Tematyczna plaża znajduje się kawałek dalej. Trzeba zwyczajnie zaufać ścieżce i dać sie jej poprowadzić. Krótki, bo około 10 - minutowy spacer wystarczy, by nagle wyjść na prywatną niewielką plażę. Nie ma tu piasku, gdyż wybrzeże jest skalne. Jednak płaskie półki pozwalają na wygodne rozłożenie się. A ponieważ niewiele osób tu trafia, nie ma tłumów nawet w środku sezonu. W małym barze można kupić małe co nie co, lub łódką opłynąć wybrzeże. Warto, bo wygodne siedziska zapewnią bezpieczeństwo także dzieciom, a widok warty jest poświecenia kilku euro.
Kanoni to bardzo sympatyczne małe miasteczko. Urzekający deptak pełen jest kramów z pamiątkami i barami z przeróżnymi smakołykami. Tutejszy zamek, jeden z trzech głównych, tworzących tak zwany trójkąt ochronny Korfu, uchodzi za ciekawą atrakcję turystyczną. Jest tu niewielki i niepozorny kościółek, powstały w okresie wczesnego chrześcijaństwa. Podczas wypraw krzyżowych był to bardzo znany punkt orientacyjny także poza wyspą. Zwiedzanie można więc połączyć z wypoczynkiem i spędzić w miejscowości Kassiopi cały dzień. Samochód można zostawić na obrzeżach miasta, choć i tu już od rana trudno o miejsce do zaparkowania, można pojechać na sam kraniec wyspy, gdzie przed plażą Bataria jest niewielki parking.
Wizyta w Błękitnych Grotach to obowiązek, ale przyjemny. Oczywiście można tu przyjechać z wycieczką fakultatywną z biurem podróży, można też samemu wynajętym samochodem.
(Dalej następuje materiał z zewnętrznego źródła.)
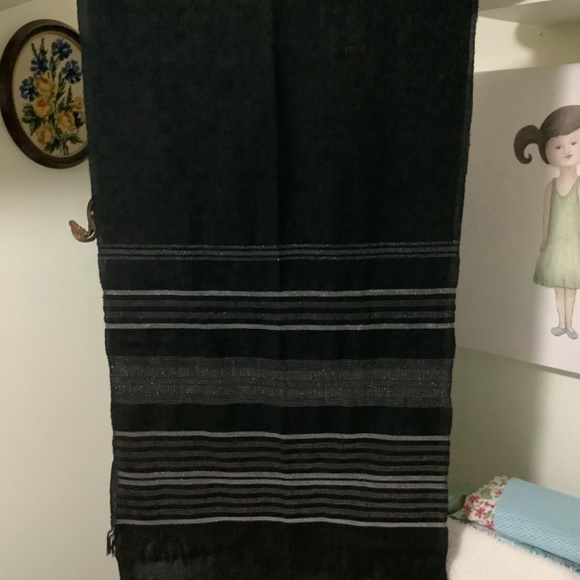 Mackay handwoven wool scarf. Montreal - Picture 4 of 6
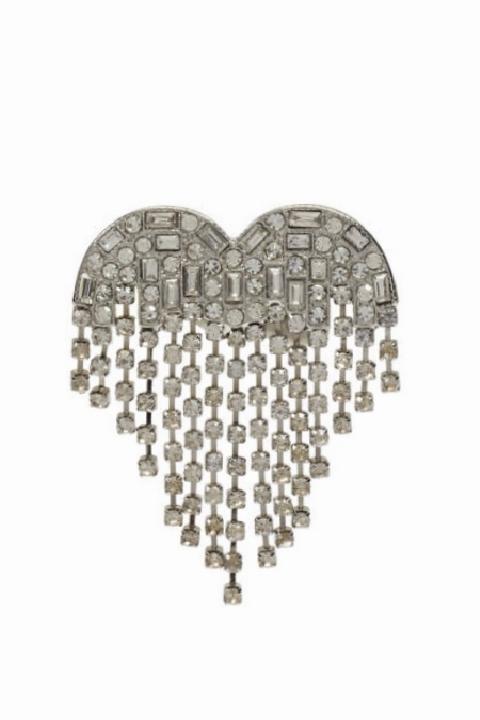 Broş Modasının Dönüşü: Çok Yönlü aksesuar olarak yükselişe geçen motifler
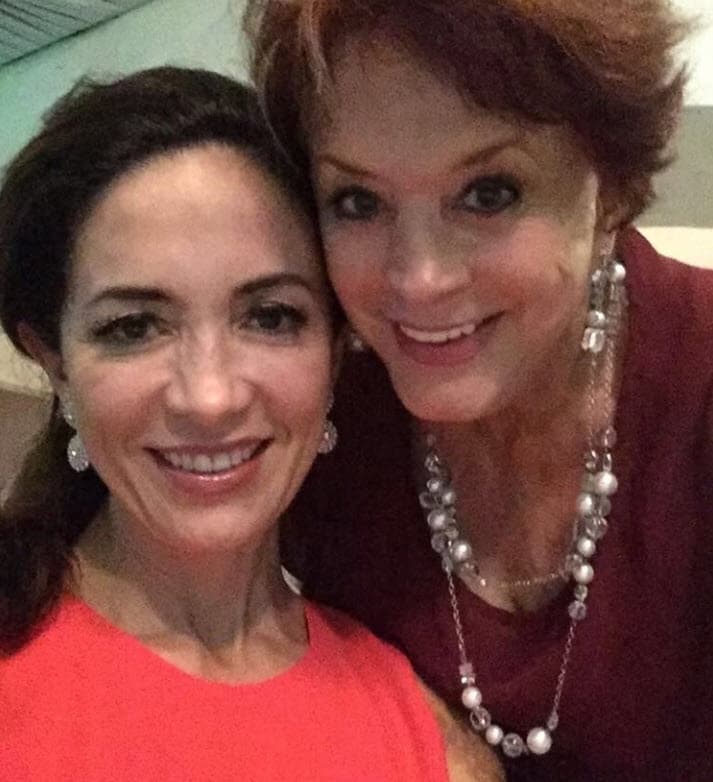 Pasaron horas de angustia y silencio sin conocerse su estado de salud. Fue hasta casi 24 horas después cuando su hija dio una actualización.
<br>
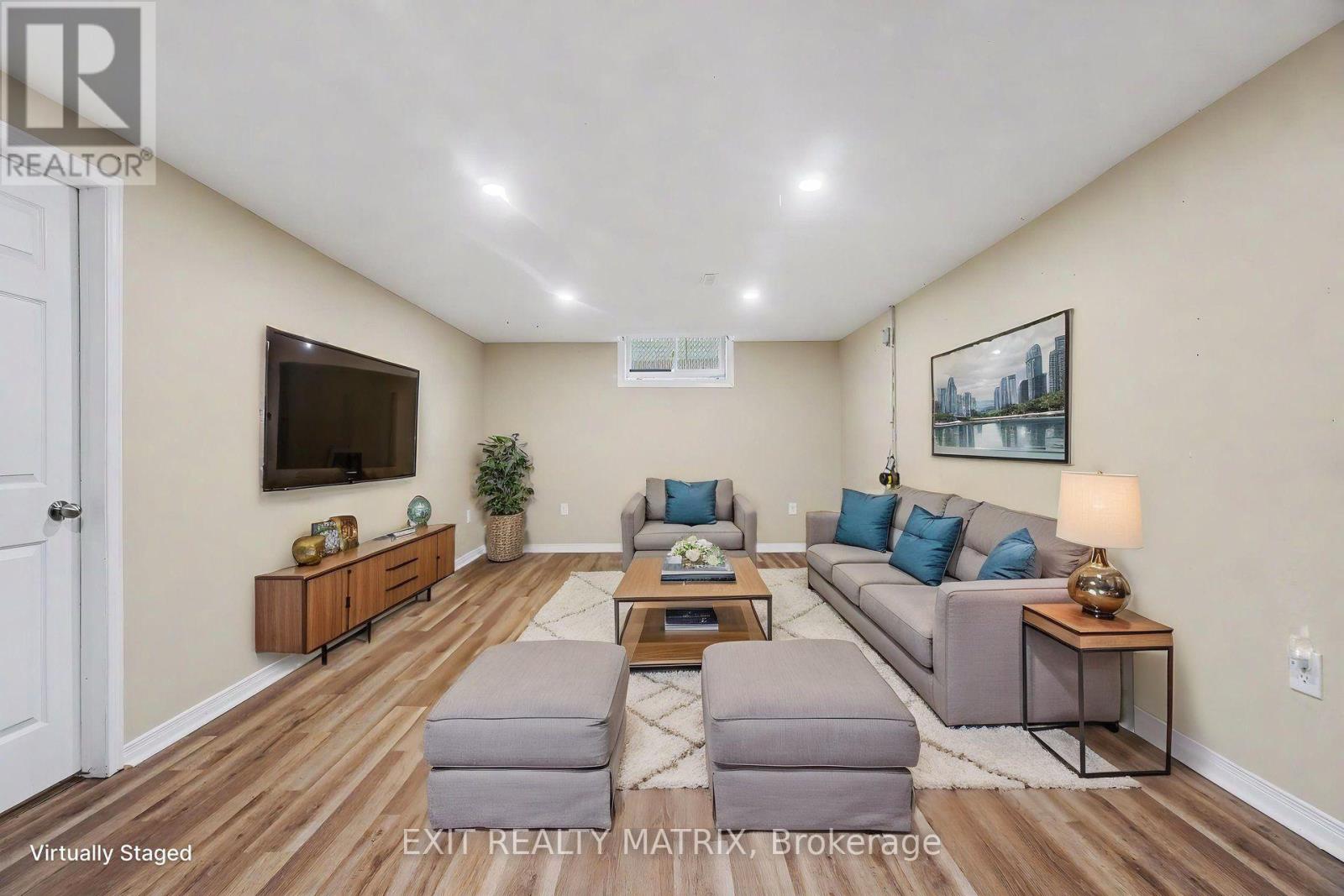 30 BARTLEY CRESCENT - 23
Nieważne jak, zawsze trzeba zapłacić za łódkę. Tu wszystko jest zorganizowane i przystosowane do zwiedzania masowego. Od rana łódki czekają na wycieczki, które po brzegi wypełnione wypływają w morze. Przyjeżdżając samemu można ugadać się przy kupnie biletu, by być wpuszczonym jako pierwszym na łódkę, daje to możliwość zajęcia wygodnego miejsca. A jest to ważne, gdyż widoki są przepiękne i warte każdego poświęcenia. Niedługo po wypłynięciu, Korfu ukazuje inne oblicze. Piękne i wysokie skały dumnie prezentują się w całej swej majestatycznej okazałości. Wpłynięcie do groty pokazuje jak czysta jest tu morska woda. Wystarczy wrzucić kawałek chleba, by ogrom rybek podpływało. Fioletowy nalot na skałach świadczy o glonach, które lubią wapienne skały. Można resztę dnia spędzić na przyległej plaży. Jednak zawsze jest tłoczna a woda jest tu wyjątkowo zimna. Dla rodzin z dziećmi nie jest więc polecana. Można też odwiedzić przyległy klasztor. Przed wejściem znajduje się fajny punkt widokowy. Ciekawe są tu kaktusy rosnące w dół oraz niewielkie muzeum.